Problem to solve: Could you copy exactly the lines below, beginning at the line with "Incarcatoare auto - Incarcator" and stopping after the line with "鯖江市東公園陸上競技場の地図", with no pictures?

Supplied material:
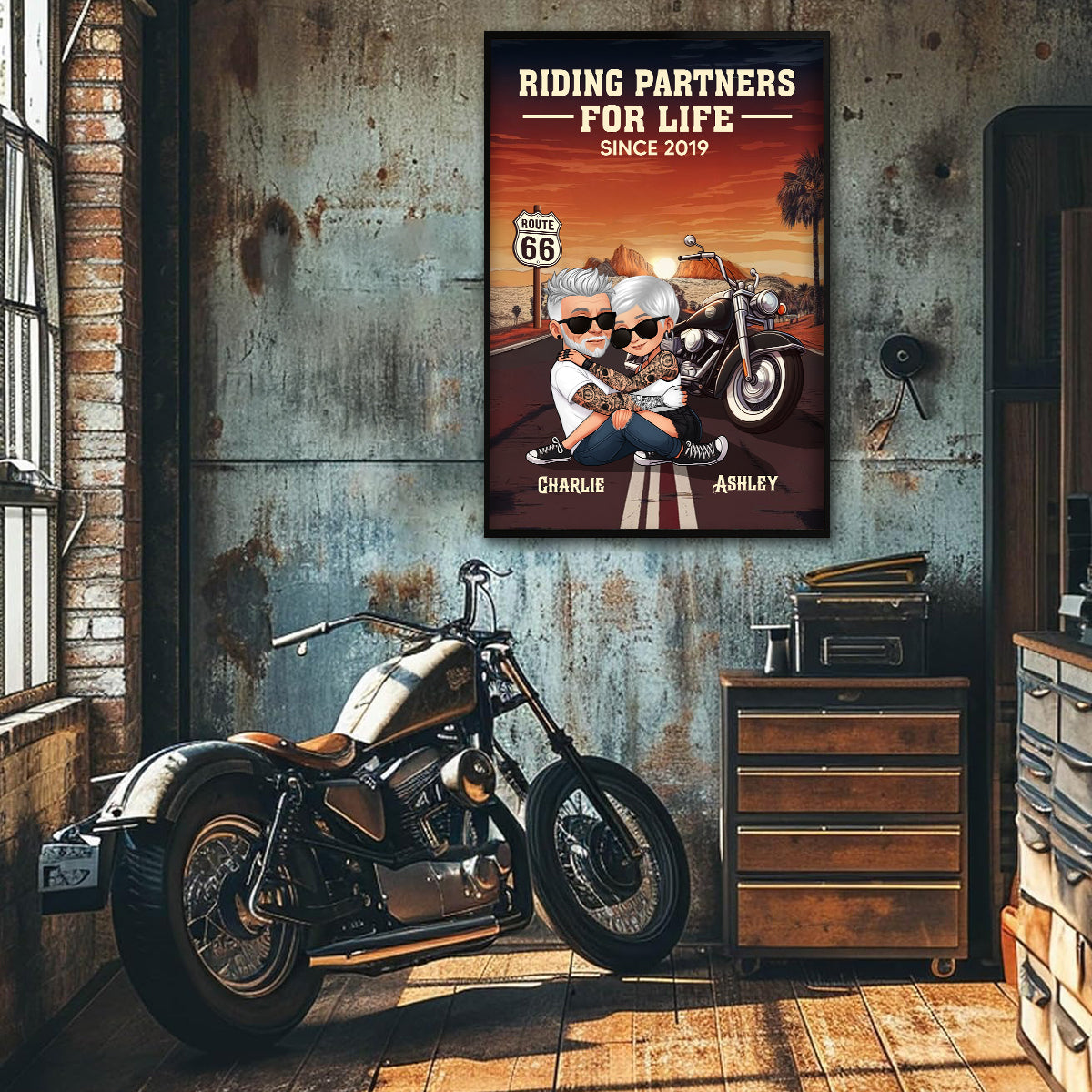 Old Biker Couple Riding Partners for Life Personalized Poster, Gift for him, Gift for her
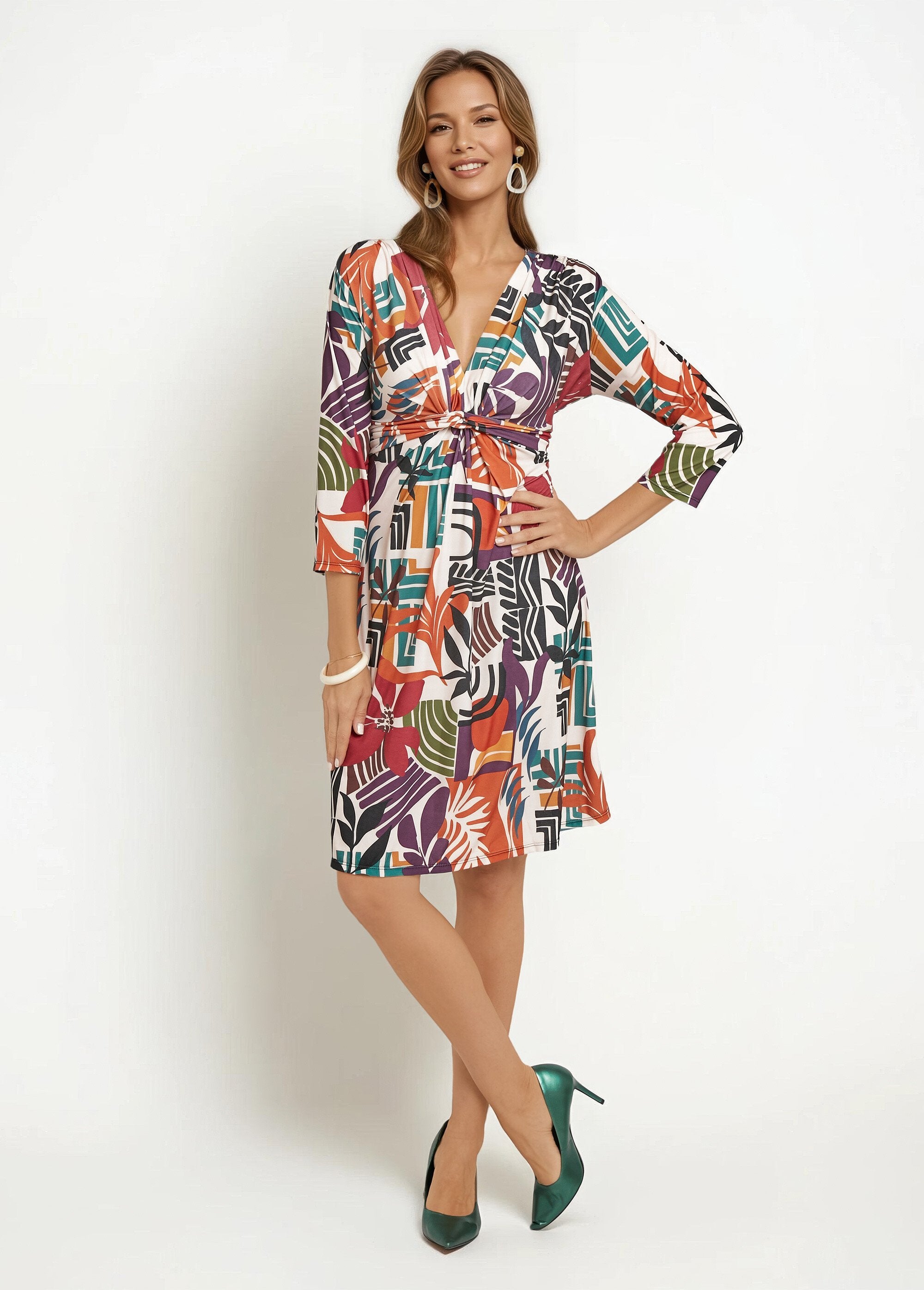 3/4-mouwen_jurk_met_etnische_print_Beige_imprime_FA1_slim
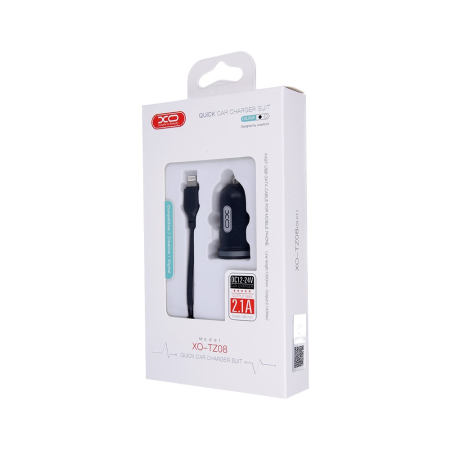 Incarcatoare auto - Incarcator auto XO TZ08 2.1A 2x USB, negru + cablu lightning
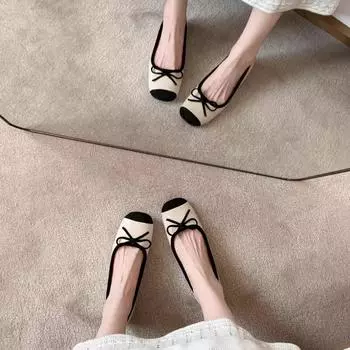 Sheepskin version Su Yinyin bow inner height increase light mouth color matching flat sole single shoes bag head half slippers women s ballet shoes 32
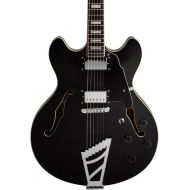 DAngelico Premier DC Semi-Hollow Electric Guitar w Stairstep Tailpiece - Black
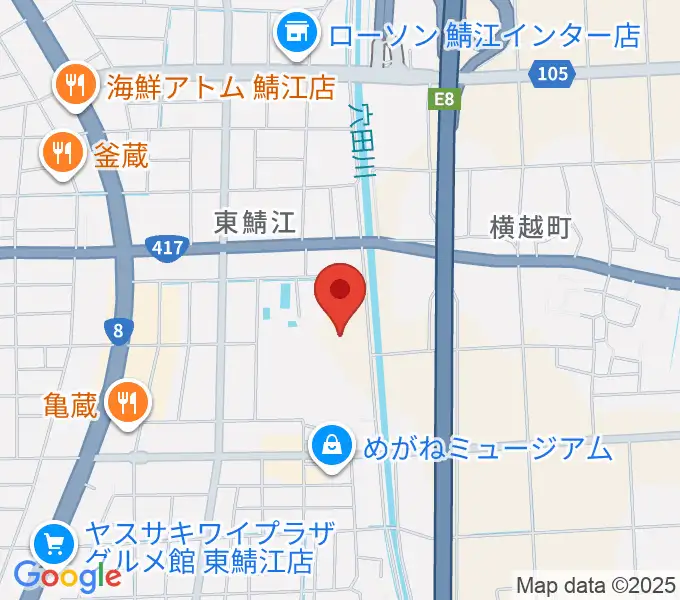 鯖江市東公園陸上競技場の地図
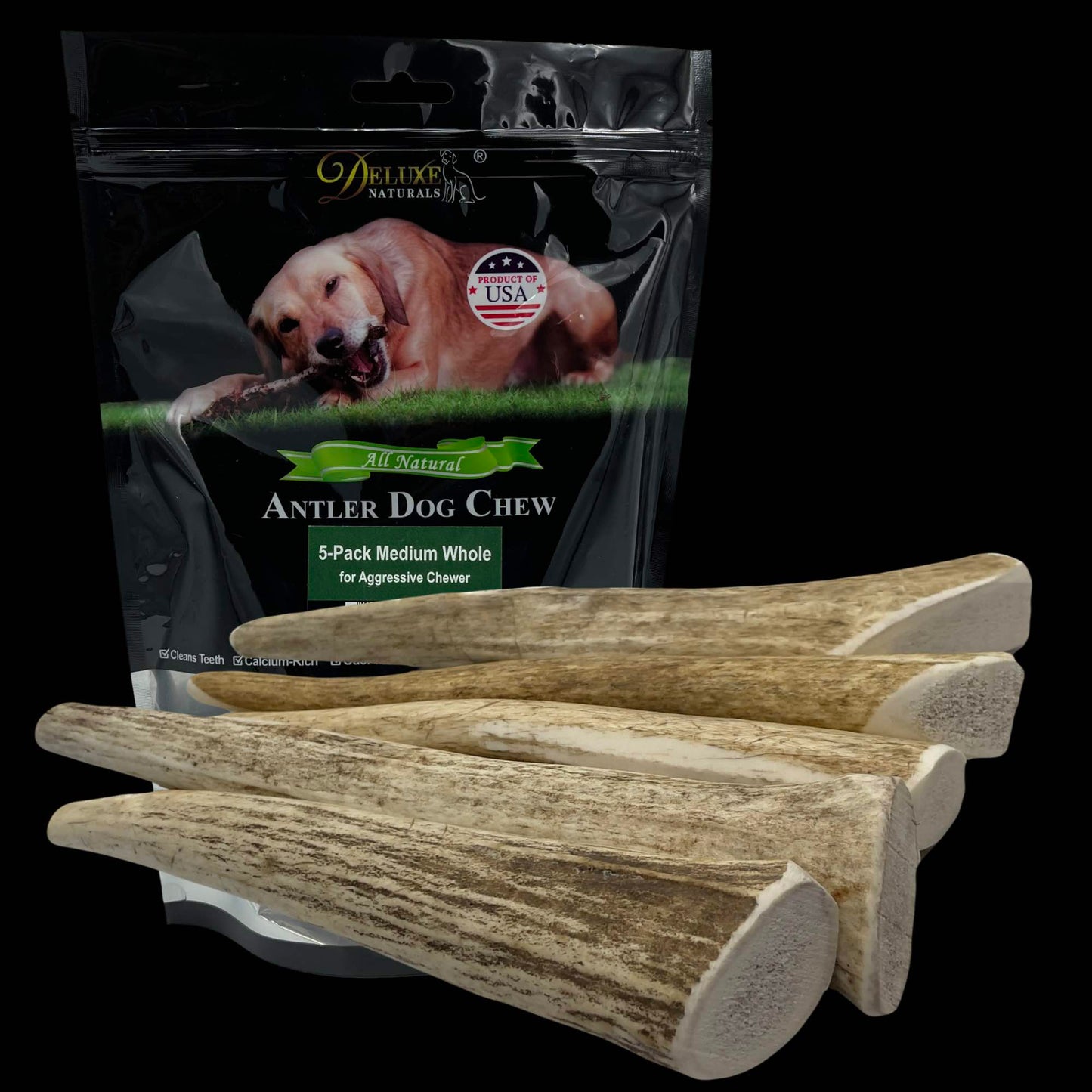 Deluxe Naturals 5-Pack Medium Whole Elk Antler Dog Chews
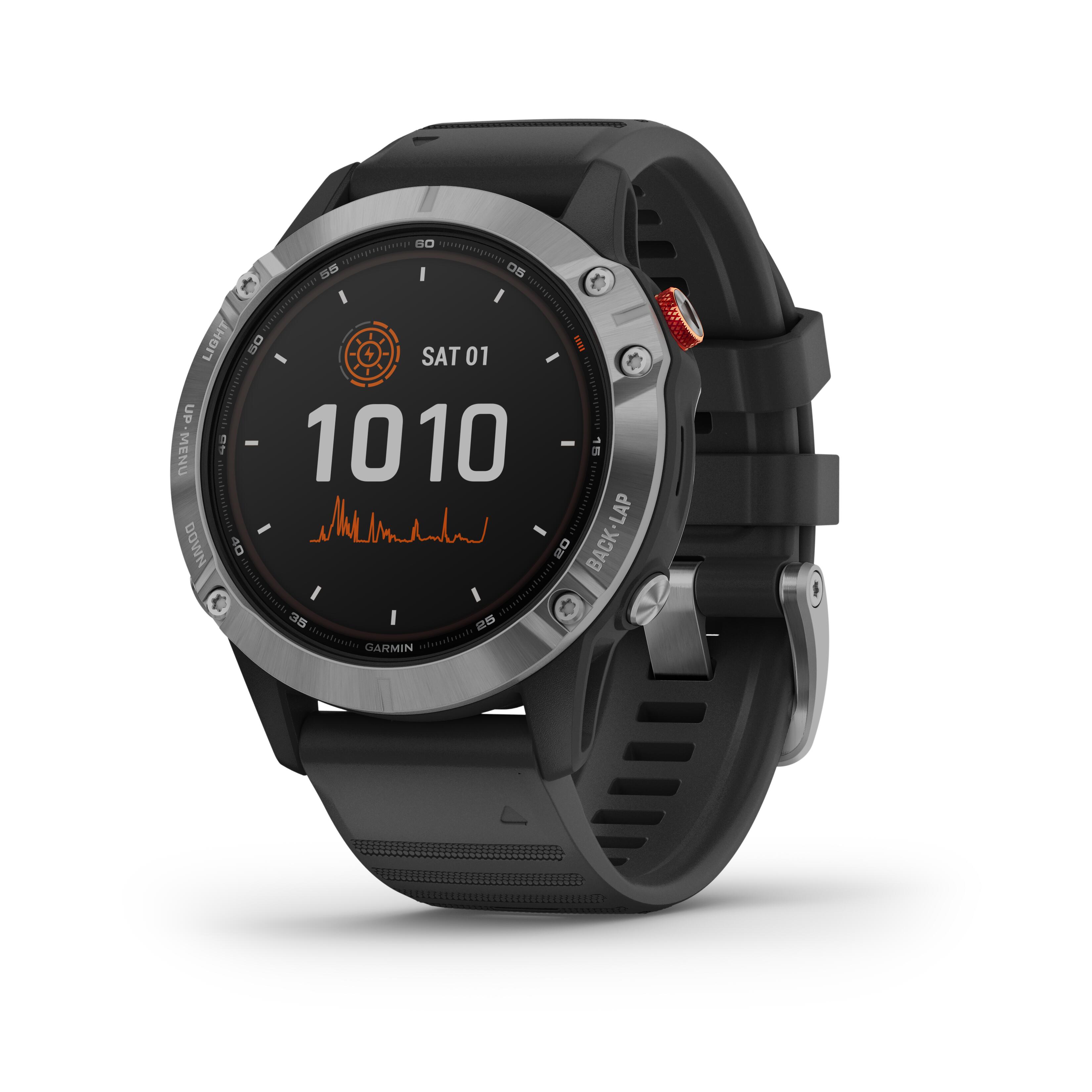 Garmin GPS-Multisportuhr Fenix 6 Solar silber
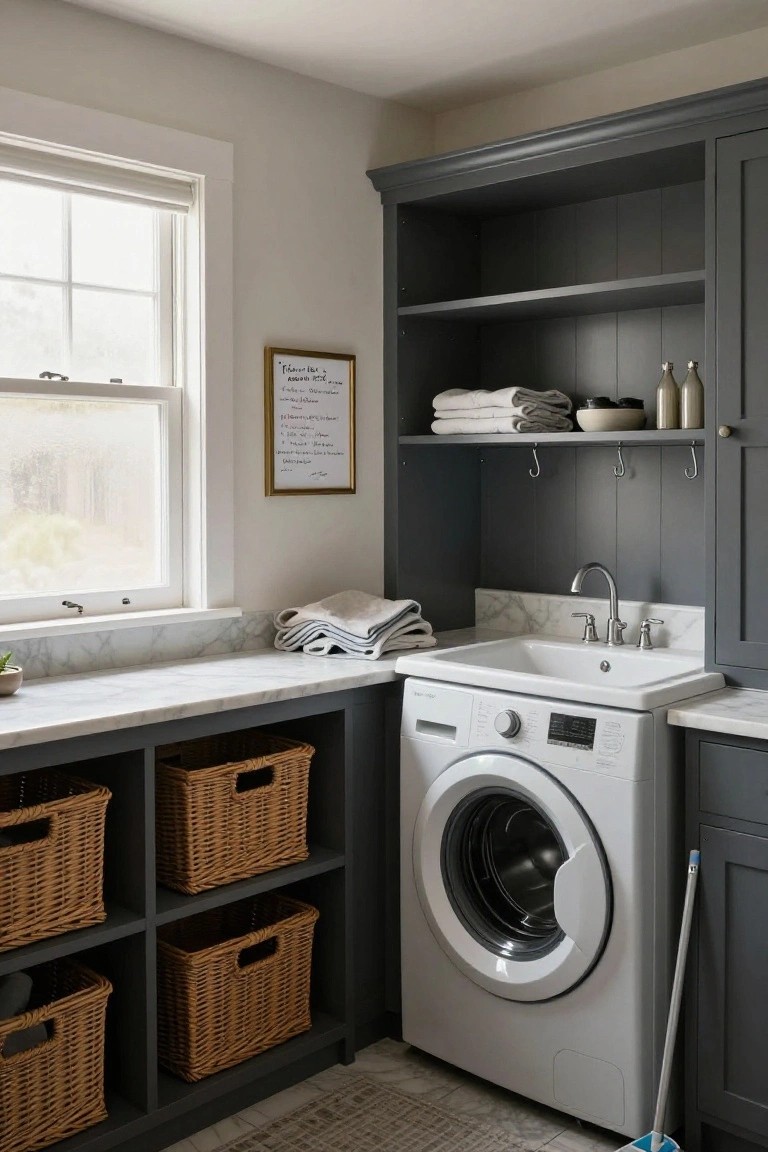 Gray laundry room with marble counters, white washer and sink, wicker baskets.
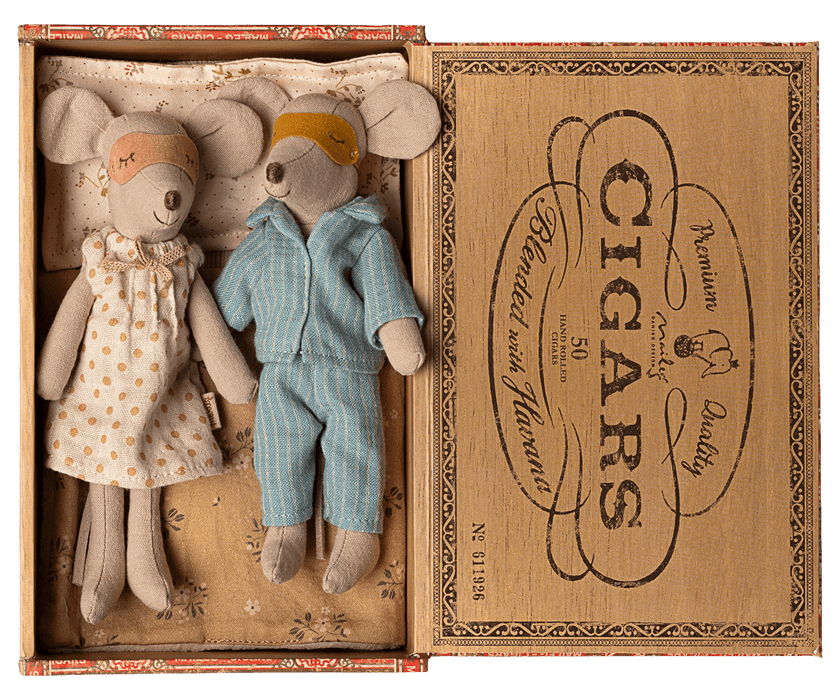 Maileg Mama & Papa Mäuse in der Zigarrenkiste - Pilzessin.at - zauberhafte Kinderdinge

Answer to the exercise:
 Incarcatoare auto - Incarcator auto XO TZ08 2.1A 2x USB, negru + cablu lightning
 Sheepskin version Su Yinyin bow inner height increase light mouth color matching flat sole single shoes bag head half slippers women s ballet shoes 32
 DAngelico Premier DC Semi-Hollow Electric Guitar w Stairstep Tailpiece - Black
 鯖江市東公園陸上競技場の地図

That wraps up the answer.